Design system teams are often defined by designers and developers. Although the How We Document survey showed that most successful design system teams have product management in their team we still don't consider this role as valued as they should be within design systems. A Product Manager could be a game changer for your design system, your team, and your organization, so why ignore them?
Treat your design system as a product
Your design system is a product (even if infrastructure might be a better term). Having a UI library, coded components and documentation is important, but if you want to ensure some longevity to your design system, it also requires a backlog, a roadmap, a vision, some communication about it, and much more. However, working on all those other tasks isn’t the designer’s or developer’s responsibility. First, they may not have the skills to do it well. Secondly, spending too much time on those tasks means they would spend less time working on the design system.
This is why having a dedicated role in managing the design system as a product makes sense – so the designers and developers can focus on their main work. A dedicated Product Manager can help align a system's vision with the objectives of the organization, prioritize the roadmap based on those objectives, and create a communication strategy to drive adoption and create feedback loops with the consuming teams when system designers and engineers have the subject matter expertise to build a design system that's compatible with current workflows and technology. Plus, it is much easier to maintain a groomed backlog, maintain intake and support processes, and measure the impact of the design system to ensure ongoing investment when a product manager oversees it.

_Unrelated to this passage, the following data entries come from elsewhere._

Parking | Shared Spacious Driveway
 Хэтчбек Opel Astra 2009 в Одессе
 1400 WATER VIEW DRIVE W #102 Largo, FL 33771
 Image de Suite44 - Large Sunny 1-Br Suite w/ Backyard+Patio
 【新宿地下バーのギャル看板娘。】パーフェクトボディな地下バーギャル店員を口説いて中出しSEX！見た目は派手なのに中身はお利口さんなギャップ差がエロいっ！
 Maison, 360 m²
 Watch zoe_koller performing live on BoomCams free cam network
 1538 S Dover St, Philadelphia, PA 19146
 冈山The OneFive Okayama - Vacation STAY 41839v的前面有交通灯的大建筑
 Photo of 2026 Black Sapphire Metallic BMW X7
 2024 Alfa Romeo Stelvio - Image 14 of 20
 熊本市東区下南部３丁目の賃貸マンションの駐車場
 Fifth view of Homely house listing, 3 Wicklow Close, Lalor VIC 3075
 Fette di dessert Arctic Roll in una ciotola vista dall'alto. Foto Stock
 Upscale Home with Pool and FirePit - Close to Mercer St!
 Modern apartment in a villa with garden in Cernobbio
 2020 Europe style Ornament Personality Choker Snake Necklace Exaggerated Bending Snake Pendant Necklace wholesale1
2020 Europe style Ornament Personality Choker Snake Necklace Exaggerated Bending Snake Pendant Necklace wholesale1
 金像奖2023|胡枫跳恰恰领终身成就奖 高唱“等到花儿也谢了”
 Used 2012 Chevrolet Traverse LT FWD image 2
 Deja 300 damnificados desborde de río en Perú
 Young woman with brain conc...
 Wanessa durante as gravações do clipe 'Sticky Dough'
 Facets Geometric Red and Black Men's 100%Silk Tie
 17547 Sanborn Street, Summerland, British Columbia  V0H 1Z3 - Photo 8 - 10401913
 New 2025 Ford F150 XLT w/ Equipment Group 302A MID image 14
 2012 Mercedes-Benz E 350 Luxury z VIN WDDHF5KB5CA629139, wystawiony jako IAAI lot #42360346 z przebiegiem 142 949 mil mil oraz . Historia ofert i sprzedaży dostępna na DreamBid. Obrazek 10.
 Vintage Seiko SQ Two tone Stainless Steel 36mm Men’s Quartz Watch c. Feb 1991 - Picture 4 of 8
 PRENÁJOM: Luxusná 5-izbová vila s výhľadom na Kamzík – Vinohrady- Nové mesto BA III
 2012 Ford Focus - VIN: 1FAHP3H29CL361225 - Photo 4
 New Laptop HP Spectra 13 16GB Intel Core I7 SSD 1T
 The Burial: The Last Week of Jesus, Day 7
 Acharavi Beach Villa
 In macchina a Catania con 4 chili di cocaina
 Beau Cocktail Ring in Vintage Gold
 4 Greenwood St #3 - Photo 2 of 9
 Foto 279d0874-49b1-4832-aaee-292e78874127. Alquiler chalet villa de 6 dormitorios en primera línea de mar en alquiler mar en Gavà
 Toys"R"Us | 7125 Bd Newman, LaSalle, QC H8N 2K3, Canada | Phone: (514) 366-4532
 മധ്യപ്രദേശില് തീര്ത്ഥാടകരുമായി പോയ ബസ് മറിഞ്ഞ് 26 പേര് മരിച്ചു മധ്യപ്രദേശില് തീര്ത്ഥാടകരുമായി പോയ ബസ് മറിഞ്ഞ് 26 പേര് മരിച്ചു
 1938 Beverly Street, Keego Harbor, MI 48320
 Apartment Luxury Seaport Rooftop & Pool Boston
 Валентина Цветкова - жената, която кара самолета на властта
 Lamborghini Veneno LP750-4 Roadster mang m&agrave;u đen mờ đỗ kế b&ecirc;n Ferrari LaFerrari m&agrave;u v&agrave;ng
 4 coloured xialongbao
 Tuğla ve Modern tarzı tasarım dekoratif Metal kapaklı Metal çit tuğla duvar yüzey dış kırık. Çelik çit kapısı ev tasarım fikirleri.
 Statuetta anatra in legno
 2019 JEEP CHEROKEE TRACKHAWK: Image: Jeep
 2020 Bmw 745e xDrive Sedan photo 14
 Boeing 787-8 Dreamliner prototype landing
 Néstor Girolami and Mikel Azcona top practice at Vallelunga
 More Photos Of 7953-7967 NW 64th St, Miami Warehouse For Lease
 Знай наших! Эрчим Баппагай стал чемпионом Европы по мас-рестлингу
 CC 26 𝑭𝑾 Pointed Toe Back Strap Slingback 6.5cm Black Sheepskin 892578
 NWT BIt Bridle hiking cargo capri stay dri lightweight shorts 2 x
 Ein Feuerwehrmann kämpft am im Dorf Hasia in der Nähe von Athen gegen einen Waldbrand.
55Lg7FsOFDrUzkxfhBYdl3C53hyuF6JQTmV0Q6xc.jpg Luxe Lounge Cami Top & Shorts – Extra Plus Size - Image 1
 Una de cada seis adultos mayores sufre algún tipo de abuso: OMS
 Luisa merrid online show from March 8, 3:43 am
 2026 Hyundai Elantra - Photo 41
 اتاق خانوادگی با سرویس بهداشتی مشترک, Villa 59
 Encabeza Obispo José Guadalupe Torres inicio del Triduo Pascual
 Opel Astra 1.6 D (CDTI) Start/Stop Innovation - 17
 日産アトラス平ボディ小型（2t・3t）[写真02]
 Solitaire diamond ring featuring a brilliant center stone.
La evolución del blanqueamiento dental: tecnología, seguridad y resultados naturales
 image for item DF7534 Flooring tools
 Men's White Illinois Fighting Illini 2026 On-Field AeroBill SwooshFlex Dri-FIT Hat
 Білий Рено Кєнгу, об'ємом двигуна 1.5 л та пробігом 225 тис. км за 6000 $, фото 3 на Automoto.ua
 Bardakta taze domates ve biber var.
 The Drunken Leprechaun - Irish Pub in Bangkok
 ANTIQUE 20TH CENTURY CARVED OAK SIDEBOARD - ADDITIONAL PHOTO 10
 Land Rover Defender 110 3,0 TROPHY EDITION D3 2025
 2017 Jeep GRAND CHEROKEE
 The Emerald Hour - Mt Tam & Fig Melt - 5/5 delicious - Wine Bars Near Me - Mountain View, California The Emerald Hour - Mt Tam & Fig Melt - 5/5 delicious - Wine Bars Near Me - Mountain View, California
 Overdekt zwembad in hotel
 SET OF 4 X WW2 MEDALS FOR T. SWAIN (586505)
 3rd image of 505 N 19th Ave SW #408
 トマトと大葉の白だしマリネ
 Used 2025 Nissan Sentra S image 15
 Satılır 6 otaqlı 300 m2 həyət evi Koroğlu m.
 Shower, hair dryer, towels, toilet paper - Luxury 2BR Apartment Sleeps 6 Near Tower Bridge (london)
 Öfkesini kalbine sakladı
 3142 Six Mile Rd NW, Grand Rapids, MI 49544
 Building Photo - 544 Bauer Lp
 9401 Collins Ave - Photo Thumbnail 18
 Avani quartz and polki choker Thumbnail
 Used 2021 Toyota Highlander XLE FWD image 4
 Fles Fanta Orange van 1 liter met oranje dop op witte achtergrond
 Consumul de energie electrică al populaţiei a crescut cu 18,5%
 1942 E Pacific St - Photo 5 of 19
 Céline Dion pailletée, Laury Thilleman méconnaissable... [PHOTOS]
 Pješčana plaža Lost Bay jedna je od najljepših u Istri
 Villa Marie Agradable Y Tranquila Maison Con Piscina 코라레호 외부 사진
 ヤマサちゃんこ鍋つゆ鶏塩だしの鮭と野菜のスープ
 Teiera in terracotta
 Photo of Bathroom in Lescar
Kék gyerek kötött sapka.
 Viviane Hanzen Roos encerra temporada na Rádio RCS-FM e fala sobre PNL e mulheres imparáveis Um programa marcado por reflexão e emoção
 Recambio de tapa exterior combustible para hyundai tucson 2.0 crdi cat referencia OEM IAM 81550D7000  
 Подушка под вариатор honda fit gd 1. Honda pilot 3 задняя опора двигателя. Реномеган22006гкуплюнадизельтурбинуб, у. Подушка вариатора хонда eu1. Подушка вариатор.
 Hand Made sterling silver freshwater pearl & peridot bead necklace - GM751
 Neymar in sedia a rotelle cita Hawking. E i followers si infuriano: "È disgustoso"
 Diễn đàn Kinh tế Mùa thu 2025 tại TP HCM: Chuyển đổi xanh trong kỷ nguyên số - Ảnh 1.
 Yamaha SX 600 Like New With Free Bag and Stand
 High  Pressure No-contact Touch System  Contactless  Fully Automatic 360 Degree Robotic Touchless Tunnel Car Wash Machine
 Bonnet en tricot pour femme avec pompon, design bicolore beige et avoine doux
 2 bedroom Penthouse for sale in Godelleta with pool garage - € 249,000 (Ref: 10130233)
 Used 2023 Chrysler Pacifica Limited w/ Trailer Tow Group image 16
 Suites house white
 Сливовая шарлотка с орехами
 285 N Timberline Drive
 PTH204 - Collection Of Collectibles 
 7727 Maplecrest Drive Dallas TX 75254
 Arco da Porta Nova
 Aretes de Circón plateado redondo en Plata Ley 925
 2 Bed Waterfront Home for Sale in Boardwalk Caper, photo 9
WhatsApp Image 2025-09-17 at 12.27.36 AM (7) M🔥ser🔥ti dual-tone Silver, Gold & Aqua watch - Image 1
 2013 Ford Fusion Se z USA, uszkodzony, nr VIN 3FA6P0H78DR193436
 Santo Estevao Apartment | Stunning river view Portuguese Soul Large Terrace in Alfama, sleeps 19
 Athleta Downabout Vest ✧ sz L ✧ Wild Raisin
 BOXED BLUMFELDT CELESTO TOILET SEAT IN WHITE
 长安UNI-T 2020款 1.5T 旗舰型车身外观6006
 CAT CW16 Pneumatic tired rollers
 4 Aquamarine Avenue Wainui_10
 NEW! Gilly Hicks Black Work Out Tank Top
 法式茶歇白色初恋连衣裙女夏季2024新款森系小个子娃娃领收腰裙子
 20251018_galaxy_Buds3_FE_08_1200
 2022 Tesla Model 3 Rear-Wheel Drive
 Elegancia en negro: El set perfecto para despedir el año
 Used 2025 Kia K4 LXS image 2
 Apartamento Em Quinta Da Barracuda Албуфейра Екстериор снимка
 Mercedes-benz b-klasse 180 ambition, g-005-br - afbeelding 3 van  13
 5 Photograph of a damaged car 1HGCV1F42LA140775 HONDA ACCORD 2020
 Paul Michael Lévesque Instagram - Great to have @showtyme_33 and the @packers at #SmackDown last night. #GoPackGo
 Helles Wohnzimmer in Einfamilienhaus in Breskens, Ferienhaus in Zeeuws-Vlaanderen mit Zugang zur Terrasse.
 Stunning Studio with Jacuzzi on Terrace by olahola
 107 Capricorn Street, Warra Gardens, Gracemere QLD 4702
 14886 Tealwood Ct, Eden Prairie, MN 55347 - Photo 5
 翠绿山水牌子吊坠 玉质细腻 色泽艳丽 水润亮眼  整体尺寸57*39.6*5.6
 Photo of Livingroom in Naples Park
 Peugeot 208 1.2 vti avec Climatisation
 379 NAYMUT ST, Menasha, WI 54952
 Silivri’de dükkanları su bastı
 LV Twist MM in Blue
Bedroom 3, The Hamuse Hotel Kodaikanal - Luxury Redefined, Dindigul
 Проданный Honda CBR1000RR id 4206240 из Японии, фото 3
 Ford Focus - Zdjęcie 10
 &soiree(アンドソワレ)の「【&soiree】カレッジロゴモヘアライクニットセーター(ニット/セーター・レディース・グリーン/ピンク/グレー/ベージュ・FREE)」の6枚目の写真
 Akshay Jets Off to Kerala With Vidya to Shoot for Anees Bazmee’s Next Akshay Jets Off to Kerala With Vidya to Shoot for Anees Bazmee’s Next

Product Owner or Product Manager for a design system?
When it comes to assigning the right responsibility of your design system to someone, it may not be obvious if it’s a Product Owner or a Product Manager you need. Just keep in mind that every organization is unique and it might depend on how your company is set up and how they define the roles.
From a Product Manager's perspective, it’s valuable to think of the design system as a product and to think about it strategically whereas Product Owners are often focused on short-term delivery of work, meeting requests from the business etc. That’s why a Product Manager could make more sense for a design system as they’re more focussed on how you deliver and not what you deliver or why.
Remember that the more you are, the messier it can be. If your design system is small, keep it simple and don’t add too many roles to your team. However, having a Product Manager and a Product Owner could also be an option, especially if your design system is big. One could be in charge of the delivery while the other one works on your design system’s strategy. It’s all about your organization's size and your design system’s ambition.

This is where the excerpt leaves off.